# Exercise data:
********************
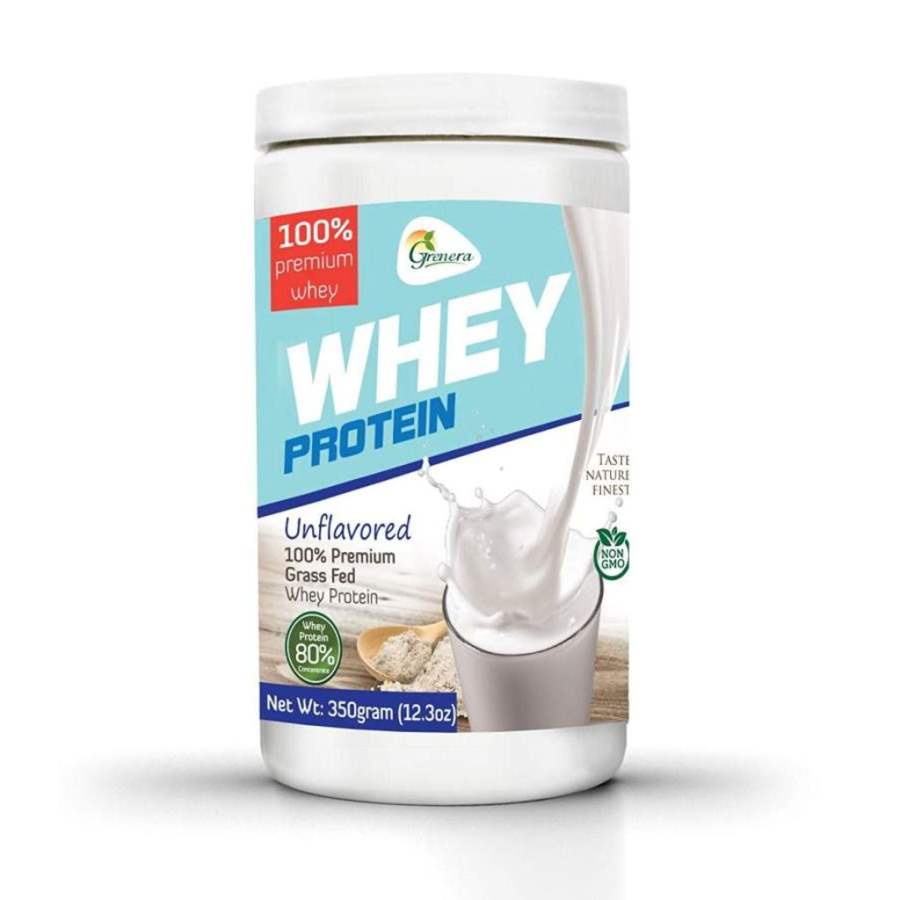 Grenera Whey Protein Concentrate Unflavored - 350 GM
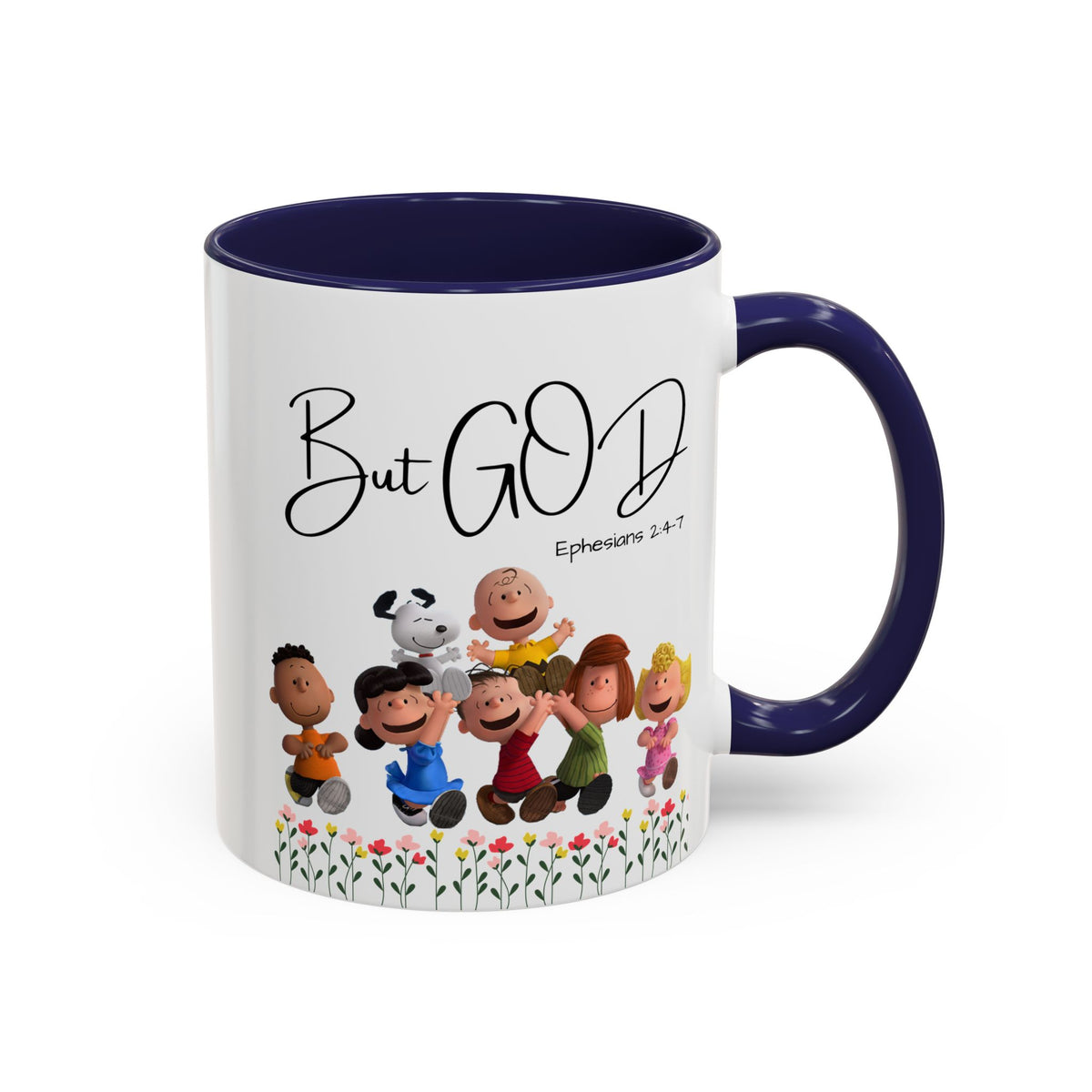 But God Scripture Coffee Mug — Genesis 50:20 Inspirational Heart Accent Mug (11/15oz)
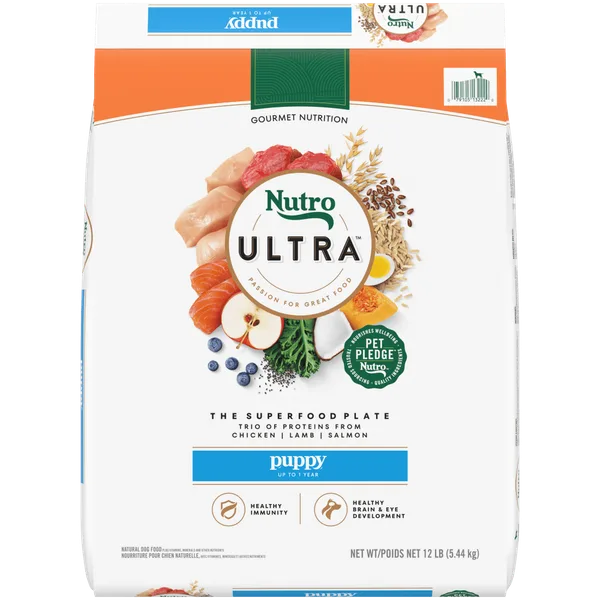 Puppy, The Superfood Plate with a Trio of Proteins from Chicken, Lamb and Salmon package
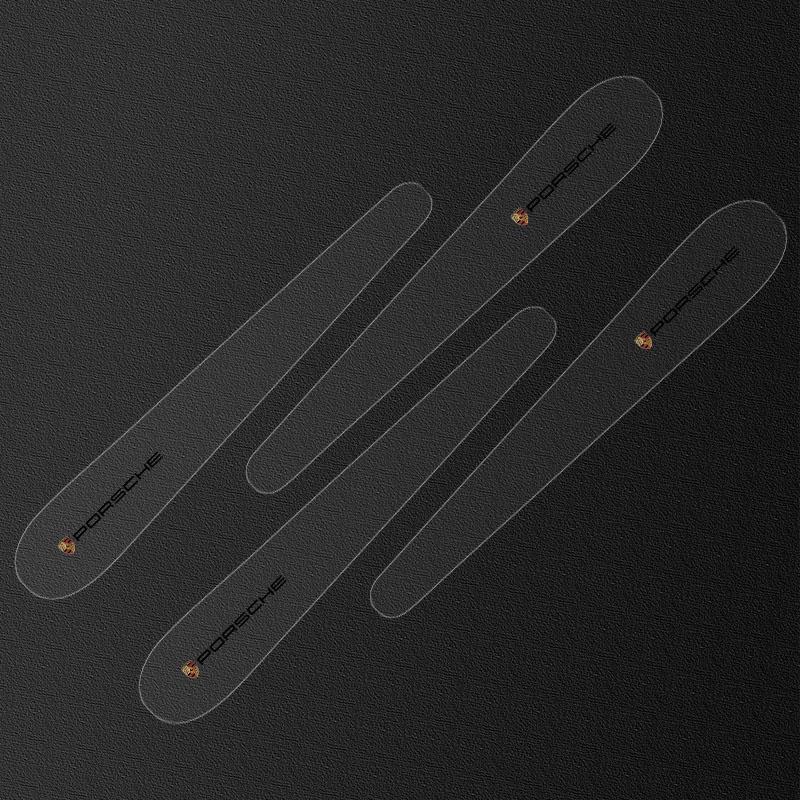 8 st Genomskinliga Skyddsklistmärken för Dörrhandtagsskål mot Repor för Porsche 911 918Spyder 928 944 968 Boxster Cayenne Macan Panamera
********************
# Work order:
Please keep every line of the data the same when you reproduce it, and keep every picture out.

# Exercise response:
 Grenera Whey Protein Concentrate Unflavored - 350 GM
 But God Scripture Coffee Mug — Genesis 50:20 Inspirational Heart Accent Mug (11/15oz)
 Puppy, The Superfood Plate with a Trio of Proteins from Chicken, Lamb and Salmon package
 8 st Genomskinliga Skyddsklistmärken för Dörrhandtagsskål mot Repor för Porsche 911 918Spyder 928 944 968 Boxster Cayenne Macan Panamera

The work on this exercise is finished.